EXERCISE DESCRIPTION
Return exactly the lines that run from the one with "Melongok Ruang Kerja" to the last line of the entries below, both included, and nothing else.

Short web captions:

BEGIN

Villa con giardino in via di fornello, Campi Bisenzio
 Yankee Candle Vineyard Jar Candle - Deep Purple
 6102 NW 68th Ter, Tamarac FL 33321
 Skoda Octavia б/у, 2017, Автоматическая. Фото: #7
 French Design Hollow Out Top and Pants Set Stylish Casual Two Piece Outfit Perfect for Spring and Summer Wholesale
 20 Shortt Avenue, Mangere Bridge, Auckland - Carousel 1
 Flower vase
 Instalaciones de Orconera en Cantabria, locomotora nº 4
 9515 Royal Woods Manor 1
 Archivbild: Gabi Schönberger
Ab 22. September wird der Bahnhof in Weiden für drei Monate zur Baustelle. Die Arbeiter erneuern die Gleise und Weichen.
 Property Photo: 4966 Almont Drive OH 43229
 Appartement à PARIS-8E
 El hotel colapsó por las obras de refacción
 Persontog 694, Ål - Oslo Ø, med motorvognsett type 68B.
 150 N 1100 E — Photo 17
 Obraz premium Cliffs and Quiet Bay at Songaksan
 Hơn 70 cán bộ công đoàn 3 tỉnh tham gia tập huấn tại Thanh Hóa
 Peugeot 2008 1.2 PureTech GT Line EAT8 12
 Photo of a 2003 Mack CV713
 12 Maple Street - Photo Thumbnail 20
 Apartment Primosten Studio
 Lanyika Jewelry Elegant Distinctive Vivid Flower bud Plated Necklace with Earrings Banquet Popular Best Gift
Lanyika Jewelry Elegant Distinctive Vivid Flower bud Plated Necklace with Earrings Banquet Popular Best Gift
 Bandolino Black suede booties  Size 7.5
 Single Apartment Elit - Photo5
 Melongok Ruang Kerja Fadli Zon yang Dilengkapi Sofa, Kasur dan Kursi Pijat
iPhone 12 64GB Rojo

END

THE COMPLETED TASK
 Melongok Ruang Kerja Fadli Zon yang Dilengkapi Sofa, Kasur dan Kursi Pijat
iPhone 12 64GB Rojo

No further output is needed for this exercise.